The refined training data set 121 is then used to train 130 the updated second set of classifiers 131. The second set of classifiers provides improved highlight 141 extraction 140 when compared to prior art static classifiers trained using only the unrefined training data set 101.

In optional steps, not shown in the figures, the second classifier 131 can be used to classify 140 the refined data set 121, to produce a further refined data set.

Similarly, the second set of classifier can be updated, and so on. This process can be repeated a predetermined number of iterations, or until the classifiers achieve a user defined level of performance for the extraction 140 of the highlights 141.

This invention is described using specific terms and examples. It is to be understood that various other adaptations and modifications may be made within the spirit and scope of the invention. Therefore, it is the object of the appended claims to cover all such variations and modifications as come within the true spirit and scope of the invention.

Claims

1. A method for refining a training data set for audio classifiers used to classify multimedia content, comprising: training a first set of audio classifiers using labeled audio frames of a training data set, in which labels of the training data set correspond to a set of audio features; and classifying each audio frame of the labeled training data set using the first set of audio classifiers to produce a refined training data set.

2. The method of claim 1, further comprising: training a second set of audio classifier using audio frames of the refined training data set.

3. The method of claim 2, further comprising: extracting highlights from unlabeled audio frames using the second set of audio classifiers.

4. The method of claim 1, in which the classifying further comprises: assigning a likelihood to each audio frame in the labeled training data set according to the first set of audio classifiers; and retaining each audio frame having a likelihood greater than a predetermined threshold in the refined training data set.

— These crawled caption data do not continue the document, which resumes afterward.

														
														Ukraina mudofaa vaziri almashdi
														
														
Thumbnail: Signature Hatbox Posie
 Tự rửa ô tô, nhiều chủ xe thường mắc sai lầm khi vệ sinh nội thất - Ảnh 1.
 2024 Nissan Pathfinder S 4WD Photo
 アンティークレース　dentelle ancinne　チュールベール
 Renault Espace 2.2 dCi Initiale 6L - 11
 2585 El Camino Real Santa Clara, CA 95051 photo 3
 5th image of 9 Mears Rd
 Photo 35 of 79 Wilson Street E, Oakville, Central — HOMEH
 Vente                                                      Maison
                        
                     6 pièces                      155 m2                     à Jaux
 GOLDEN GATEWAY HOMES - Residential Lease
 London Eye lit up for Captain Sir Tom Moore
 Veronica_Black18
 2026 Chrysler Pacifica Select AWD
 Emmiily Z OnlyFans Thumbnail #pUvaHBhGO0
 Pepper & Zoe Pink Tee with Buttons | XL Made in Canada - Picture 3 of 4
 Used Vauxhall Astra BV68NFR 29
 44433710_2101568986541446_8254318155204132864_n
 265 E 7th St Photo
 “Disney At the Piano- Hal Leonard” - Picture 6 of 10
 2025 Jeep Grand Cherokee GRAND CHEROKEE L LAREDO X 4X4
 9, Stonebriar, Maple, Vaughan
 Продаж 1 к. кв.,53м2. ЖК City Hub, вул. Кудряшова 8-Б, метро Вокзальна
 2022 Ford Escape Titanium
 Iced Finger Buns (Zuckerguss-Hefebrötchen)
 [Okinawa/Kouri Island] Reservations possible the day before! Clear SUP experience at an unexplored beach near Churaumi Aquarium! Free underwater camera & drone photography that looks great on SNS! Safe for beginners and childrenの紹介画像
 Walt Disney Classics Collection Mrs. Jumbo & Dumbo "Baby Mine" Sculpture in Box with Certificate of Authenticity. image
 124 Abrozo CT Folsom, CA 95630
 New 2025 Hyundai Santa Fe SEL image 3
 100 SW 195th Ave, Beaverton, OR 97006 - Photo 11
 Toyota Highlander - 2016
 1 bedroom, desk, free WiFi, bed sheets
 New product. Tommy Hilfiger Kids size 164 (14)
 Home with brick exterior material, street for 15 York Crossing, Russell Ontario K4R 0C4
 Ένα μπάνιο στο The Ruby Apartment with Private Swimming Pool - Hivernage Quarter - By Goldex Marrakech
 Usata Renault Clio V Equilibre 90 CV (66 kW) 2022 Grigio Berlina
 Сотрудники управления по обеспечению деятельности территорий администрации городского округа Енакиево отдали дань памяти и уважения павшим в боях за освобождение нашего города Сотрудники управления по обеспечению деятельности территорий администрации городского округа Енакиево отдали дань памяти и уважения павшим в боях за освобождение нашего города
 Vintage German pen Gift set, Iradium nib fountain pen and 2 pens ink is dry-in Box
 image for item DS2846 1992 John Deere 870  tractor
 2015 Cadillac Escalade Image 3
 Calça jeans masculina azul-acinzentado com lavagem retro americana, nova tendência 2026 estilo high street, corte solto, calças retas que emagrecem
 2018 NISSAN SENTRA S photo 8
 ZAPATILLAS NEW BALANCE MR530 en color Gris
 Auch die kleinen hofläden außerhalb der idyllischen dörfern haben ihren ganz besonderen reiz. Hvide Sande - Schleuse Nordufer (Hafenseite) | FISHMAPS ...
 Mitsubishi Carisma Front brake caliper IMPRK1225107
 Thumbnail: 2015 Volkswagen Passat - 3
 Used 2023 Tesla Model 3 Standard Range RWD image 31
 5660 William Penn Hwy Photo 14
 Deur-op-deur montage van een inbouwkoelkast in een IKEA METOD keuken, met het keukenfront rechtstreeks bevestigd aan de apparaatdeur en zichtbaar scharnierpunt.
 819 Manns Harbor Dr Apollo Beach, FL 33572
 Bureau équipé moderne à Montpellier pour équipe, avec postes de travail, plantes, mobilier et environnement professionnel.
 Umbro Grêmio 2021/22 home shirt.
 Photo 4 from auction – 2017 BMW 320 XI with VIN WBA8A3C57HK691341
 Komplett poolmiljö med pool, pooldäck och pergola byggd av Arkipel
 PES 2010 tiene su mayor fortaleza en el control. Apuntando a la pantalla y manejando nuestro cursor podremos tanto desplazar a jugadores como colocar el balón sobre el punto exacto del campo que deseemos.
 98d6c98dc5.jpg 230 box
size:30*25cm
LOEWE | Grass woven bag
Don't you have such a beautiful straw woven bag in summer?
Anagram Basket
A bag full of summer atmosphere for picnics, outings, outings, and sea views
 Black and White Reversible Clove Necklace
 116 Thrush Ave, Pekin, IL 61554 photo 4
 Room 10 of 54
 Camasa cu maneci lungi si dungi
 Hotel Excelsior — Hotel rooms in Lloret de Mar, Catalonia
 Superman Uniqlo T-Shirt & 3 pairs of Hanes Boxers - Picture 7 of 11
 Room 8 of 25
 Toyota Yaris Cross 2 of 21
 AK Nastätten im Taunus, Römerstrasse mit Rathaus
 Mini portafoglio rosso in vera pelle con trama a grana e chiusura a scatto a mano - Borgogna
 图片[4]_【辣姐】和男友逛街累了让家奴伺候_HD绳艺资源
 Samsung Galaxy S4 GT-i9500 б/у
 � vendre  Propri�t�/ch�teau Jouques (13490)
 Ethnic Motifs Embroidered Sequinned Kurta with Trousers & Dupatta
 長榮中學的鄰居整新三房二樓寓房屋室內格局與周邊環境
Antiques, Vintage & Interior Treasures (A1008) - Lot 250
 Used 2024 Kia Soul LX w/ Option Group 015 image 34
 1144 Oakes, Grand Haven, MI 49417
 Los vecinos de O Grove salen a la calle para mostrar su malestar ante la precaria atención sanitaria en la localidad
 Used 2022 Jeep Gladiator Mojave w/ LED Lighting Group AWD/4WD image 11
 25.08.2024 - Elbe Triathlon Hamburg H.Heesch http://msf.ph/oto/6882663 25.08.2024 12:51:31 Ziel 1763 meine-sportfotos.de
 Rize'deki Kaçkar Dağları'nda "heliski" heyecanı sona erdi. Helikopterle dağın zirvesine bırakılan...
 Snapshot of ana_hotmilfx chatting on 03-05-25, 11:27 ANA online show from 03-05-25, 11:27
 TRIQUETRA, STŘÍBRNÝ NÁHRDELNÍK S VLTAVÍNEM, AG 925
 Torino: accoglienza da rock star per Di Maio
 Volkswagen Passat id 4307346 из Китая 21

5. The method of claim 1, in which the classifying further comprises: assigning a likelihood to each audio frame in the labeled training data set according to the first set of classifiers; and retaining each audio frame having a likelihood less than a predetermined threshold in the refined training data set.

6. The method of claim 4, further comprising: discarding each audio frame having a likelihood less than the predetermined threshold.

7. The method of claim 5, further comprising: discarding each audio frame having a likelihood greater than the predetermined threshold.

8. The method of claim 1, in which the first set of audio classifiers is trained for each of a plurality of labeled audio training data sets, the frames of each labeled audio training data set having labels corresponding to a different audio feature, and the classifying further comprising: classifying each frame of a particular audio training data set for a particular audio feature using the first sets of classifiers to label the frame according to a corresponding one of the different audio features; and retaining audio frames having a labels corresponding to the particular audio feature in the refined training data set.

9. The method of claim 8, further comprising: discarding audio frames having labels corresponding to an audio features other than the particular audio feature.

10. The method of claim 1, further comprising: updating the first set of classifiers to obtain a second set of classifiers.

11. The method of claim 10, in which the updating further comprises: adding new classifiers to the first set of classifiers to obtain the second set of classifiers; and removing selected classifiers from the first set of classifiers to obtain the second set of classifiers.

12. A method for classifying data, comprising: training a set of first classifiers using a training data set; classifying the training data set using the first set of classifiers to produce a refined training data set; training a second set of classifiers using the refined training data set; and classifying the unlabeled data using the second set of classifiers.

13. The method of claim 12, further comprising: repeating the training and classifying steps until the classifying of the unlabeled data achieves a desired level of performance.